Ever been afraid to stream that new Beatport #1 because you’re getting close to your data limit for the month? Thanks to a newly expanded sponsorship with T-Mobile, SFX Entertainment (SFXE) is making sure that you’ll never have that problem again.
T-Mobile, already the exclusive mobile partner of SFX, will now offer unlimited music streaming on the SFX-operated Beatport to its customers. T-Mobile users will not be charged for any data used while streaming music on Beatport. Unlimited streaming will also be available on the revamped Beatport site, which hopes to stand out among its competitors by removing any ads or subscription fees. Beatport executives are hoping fans will discover more music and be persuaded to buy songs through the Beatport Pro download store.
As part of the newly designed Beatport, the site’s interface will now be centered around a browse-and-suggest method of music discovery rather than the single search function. Users will be able to collect their favorite tracks into playlists for later use while browsing and adding as they go along. Beatport will continue to offer its news, video, and information sections and is also looking to integrate a “Shows” section to help users make personal calendars of upcoming concerts.
Thanks to the newly strengthened partnership, T-Mobile will also be sponsoring about 30 SFX events this year, expanding on last year’s three activations (Mysteryland, Electric Zoo, and TomorrowWorld) and promising “live festival video coverage from a number of SFX events in 2015.”
Mike Belcher, Vice President of Sponsorships and Events at T-Mobile, said that the partnership with Beatport is simply about giving users more access to music.
“We believe music should be without limits and our customers can stream all the music they want and never have to worry about excess data charges.
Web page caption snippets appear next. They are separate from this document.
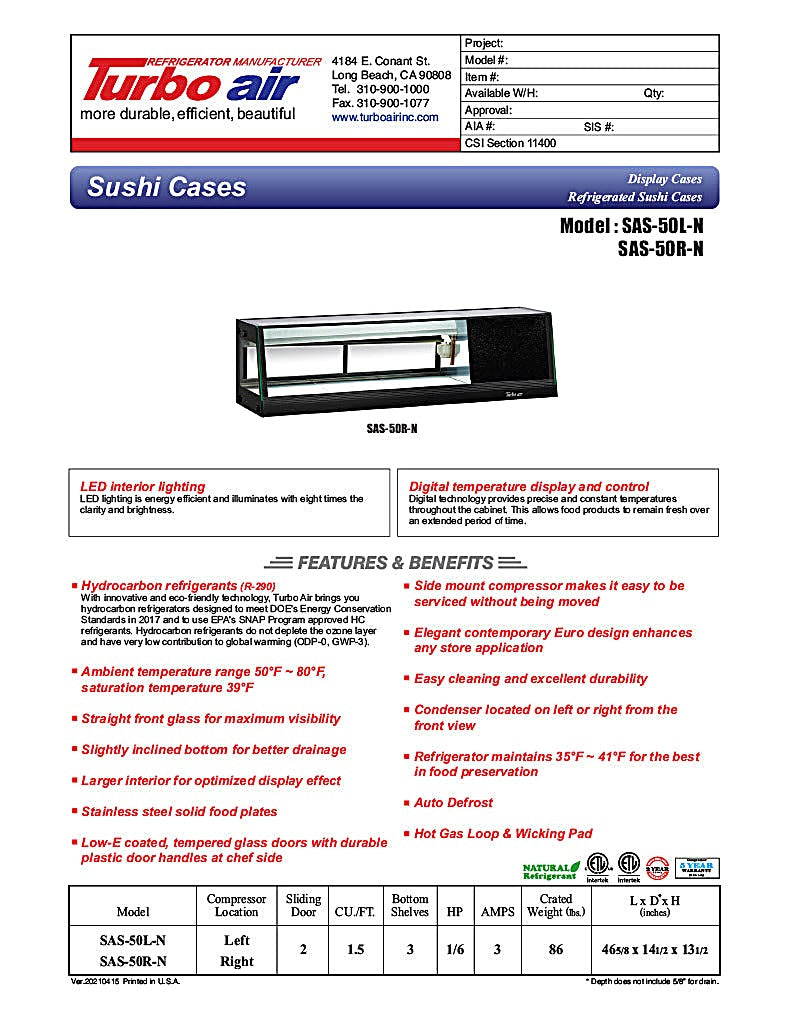 Turbo Air SAS-50R-N 50" Straight Glass Refrigerated Display/Sushi Case - Right Side Compressor - Donut-Equipment.com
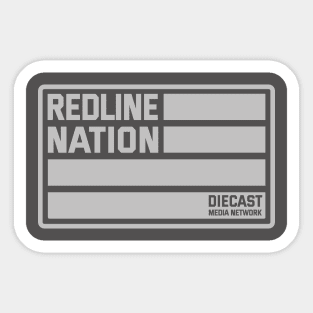 Redline Nation - Staff Car U.S. Army (White on Black) Sticker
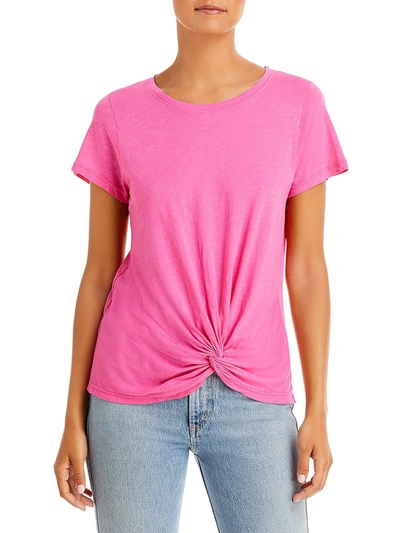 Sundry Womens Cotton Twist Hem Blouse In Pink
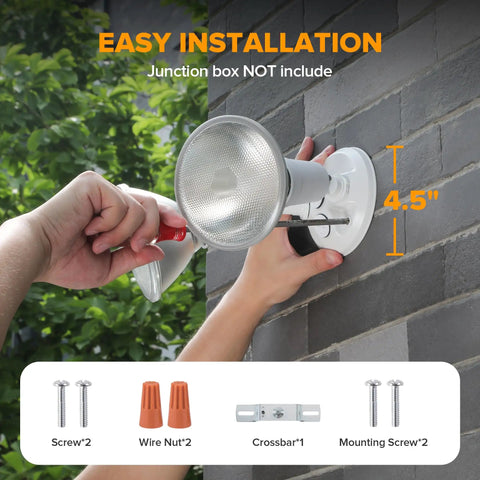 Easy installation of No Fuss And Tough As Nails 2 Pack Dual Head Outdoor Flood Lights Switch Controlled Waterproof Security Fixtures.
By working with SFX, we’re taking that passion for music to the next level and giving our customers more access than ever to the music they love.”
To request an invite for early access to Beatport’s new streaming service, visit the website here.
In addition to the news about its deal with T-Mobile, SFX Entertainment may also be undergoing some corporate restructuring. CEO Robert FX Sillerman offered to take the company private by acquiring SFXE’s outstanding shares of common stock.
The news comes just months after Sillerman made good on a promise to purchase $2.8 million worth of shares in an effort to help stabilize the company’s financial position after he failed to honor a previous commitment to further invest in the company. Allegedly, Sillerman was accused of showing a lack of faith in the success of the company by delaying his purchase.
According to a Seeking Alpha report, Sillerman is proposing to pay $4.75 per share in cash for any outstanding shares of common stock–6.1 percent above the stock’s closing price on Feb. 23. Sillerman is offering any current stockholders who wish to retain their equity in SFXE the chance to remain as investors in the company as well. The announcement inspired a 30 percent spike in the price of SFX shares this morning, ending a long, gradual decline that began this time last year.
Some investors, like Maglan Capital who owns approximately 1.5 percent of SFX’ outstanding stock, are arguing that Sillerman’s offer to purchase the remaining shares at the $4.75 price is a “low-ball bid” and believe the company’s shares are worth well over $10 a share. Maglan representatives told Forbes that the buyout price should reflect the massive business that EDM has become.
“It is only getting bigger and bigger. It is only going more global. This is not disco… If [Sillerman] wants to buy our shares, he will have to pay a higher price.”
Sillerman will submit his proposal to the company’s board of directors and is requesting that the company form a committee of independent directors to evaluate his proposal to aid in the Board’s decision. Any deal to take the company private will then have to be approved by the majority holders of the company’s common stock not already owned by Sillerman, and the Board may still explore alternatives.